Designing Custom Exceptions

Building semantic error hierarchies for professional libraries. From Inheritance to Chaining.

1. The Big Idea (ELI5)

Pro-Tip

Imagine driving a car. The dashboard lights up.

  • Standard Error (`Exception`): A generic red light just says "ERROR". Is it the engine? The tire? The door? You don't know. You have to stop everything.
  • Custom Exception (`EngineOverheatError`): A specific symbol lights up. You know exacty what's wrong.
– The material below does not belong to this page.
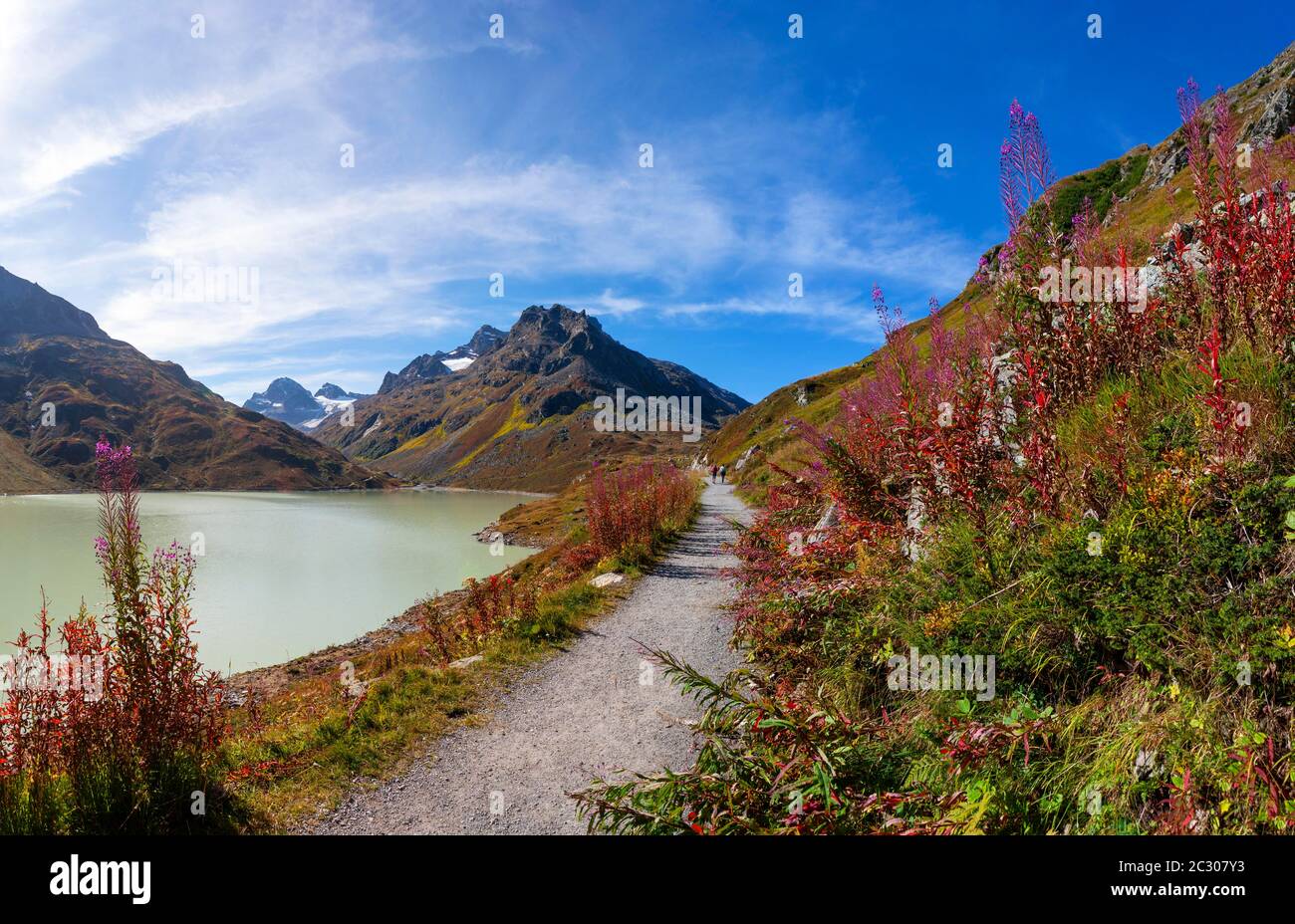 Hiking trail around the lake, Bielerhoehe, Silvrettasee, Silvretta reservoir, Silvretta Group, Vorarlberg, Austria Stock Photo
You can decide if you need to stop immediately or if you can drive to the nearest garage.
  • The Goal: Custom exceptions give the caller of your code the power to make specific decisions based on exactly what failed.
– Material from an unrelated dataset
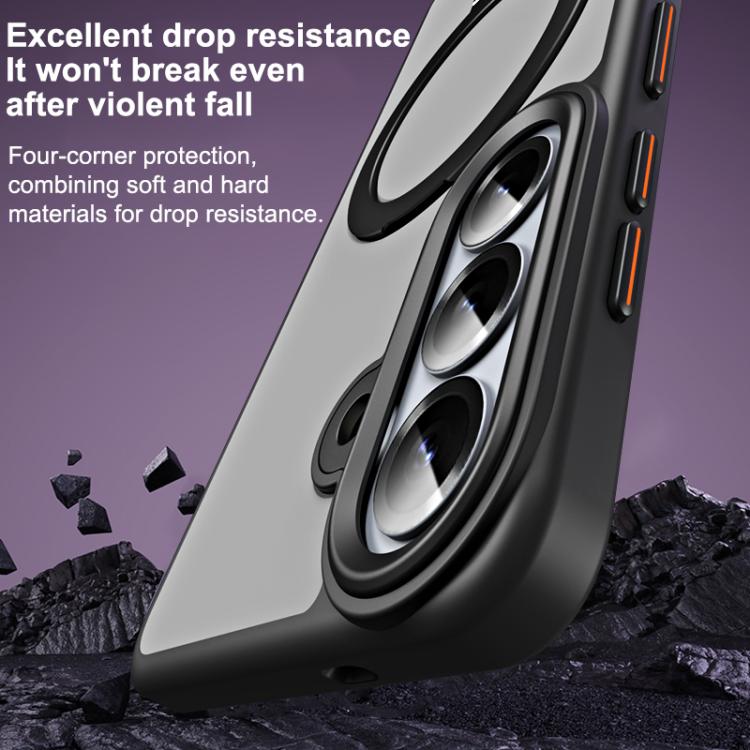 For Samsung Galaxy S26 5G MagSafe Airbag Shockproof Frosted Phone Case with Fold Holder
2. The Syntax: Inheriting from Exception

A custom exception is just a normal class that inherits from `Exception`. You can add method, properties, and custom logic to it.

python
class NegativeBalanceError(Exception):
    """Raised when a withdrawal is larger than the balance."""
    
    def __init__(self, balance, amount):
        self.balance = balance
        self.amount = amount
        # Pass a nice message to the parent class
        super().__init__(f"Cannot withdraw {amount}. Balance is only {balance}.")

# Usage
try:
    raise NegativeBalanceError(100, 500)
except NegativeBalanceError as e:
    print(e)             # Cannot withdraw 500. Balance is only 100.
    print(e.balance)     # 100 (We can access the data programmatically!)
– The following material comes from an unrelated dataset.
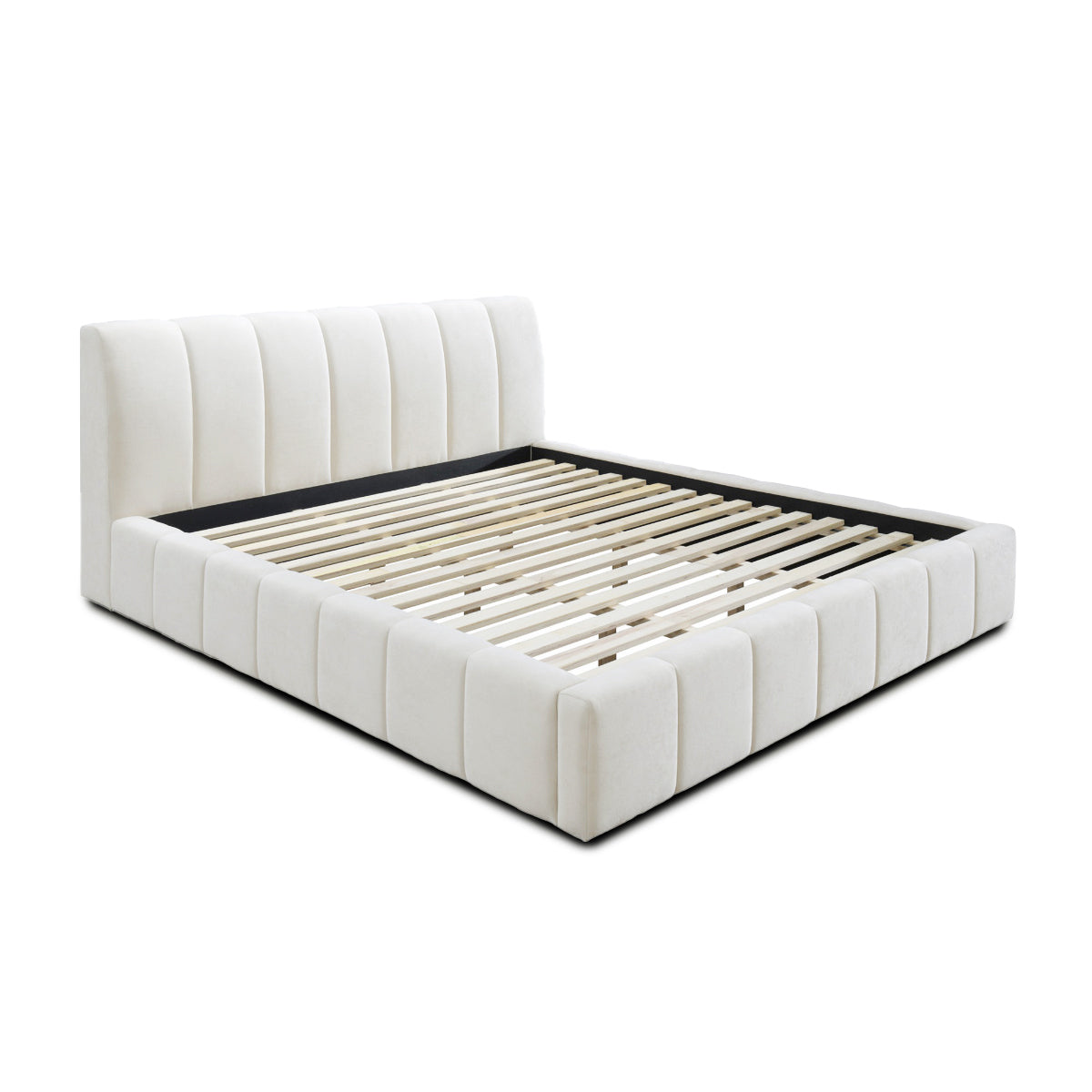 Allocco King Size Bed Frame with Upholstered Headboard - Cream Velvet Fabric for Luxurious Bedroom Decor | Perfect for Master Bedrooms, Guest Rooms & Modern Home Interiors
3. Best Practice: The Library Base Exception

When writing a library (e.g., `requests`, `pandas`), you should never let your internal implementation details leak out.Always create a base exception class for your project.

python
# 1. The Base Class
class FileFusionError(Exception):
    """Base class for all exceptions in this module."""
    pass

# 2. Specific Errors inherit from the Base
class ConnectionError(FileFusionError):
    pass

class AuthError(FileFusionError):
    pass

# 3. Usage for the User
try:
    file_fusion.connect()
except FileFusionError:
    # Catches ConnectionError, AuthError, and any future errors
    # WITHOUT catching ValueError (which might be a bug in their own code)
    print("Something went wrong with FileFusion!")

Pro-Tip

Anti-Pattern: Never inherit from `BaseException`. It skips the normal exception hierarchy and might prevent users from stopping your code with Ctrl+C.

4. Deep Dive: Exception Chaining (`raise from`)

Sometimes you catch an error (like `KeyError`) but want to re-raise it as a semantic error (like `ConfigError`). You must preserve the original traceback so debugging isn't impossible.

python
class ConfigError(Exception):
    pass

def load_config(key):
    try:
        data = {"host": "localhost"}
        return data[key]
    except KeyError as e:
        #  Bad: raise ConfigError("Missing Key") -> Loses the original error
        
        # Good: Chain the exception
        raise ConfigError(f"Configuration missing: {key}") from e

# Traceback will show:
# KeyError: 'port'
# The above exception was the direct cause of the following exception:
# ConfigError: Configuration missing: port

The `from e` syntax attaches the original exception to the `__cause__` attribute of the new exception. Similary, explicit suppression uses `from None`.

5. Attaching Payload and State

Exceptions are objects. Use this! Instead of parsing error string messages (flaky), attach structured data to the exception instance.

python
class APILimitError(Exception):
    def __init__(self, limit, reset_time):
        self.limit = limit
        self.reset_time = reset_time # Unix timestamp
        super().__init__(f"Rate limit of {limit} exceeded.")

try:
    call_api()
except APILimitError as e:
    import time
    wait_time = e.reset_time - time.time()
    print(f"Sleeping for {wait_time} seconds...")
    time.sleep(wait_time)

6. When NOT to use Custom Exceptions

Don't reinvent the wheel. If a built-in exception fits, use it.

  • If a function gets the wrong argument type? Use `TypeError`.
  • If the value is invalid (e.g., -1 for age)? Use `ValueError`.
  • If a file is missing? Use `FileNotFoundError`.

Only create custom exceptions when the caller needs to distinguish this specific error from others programmatically.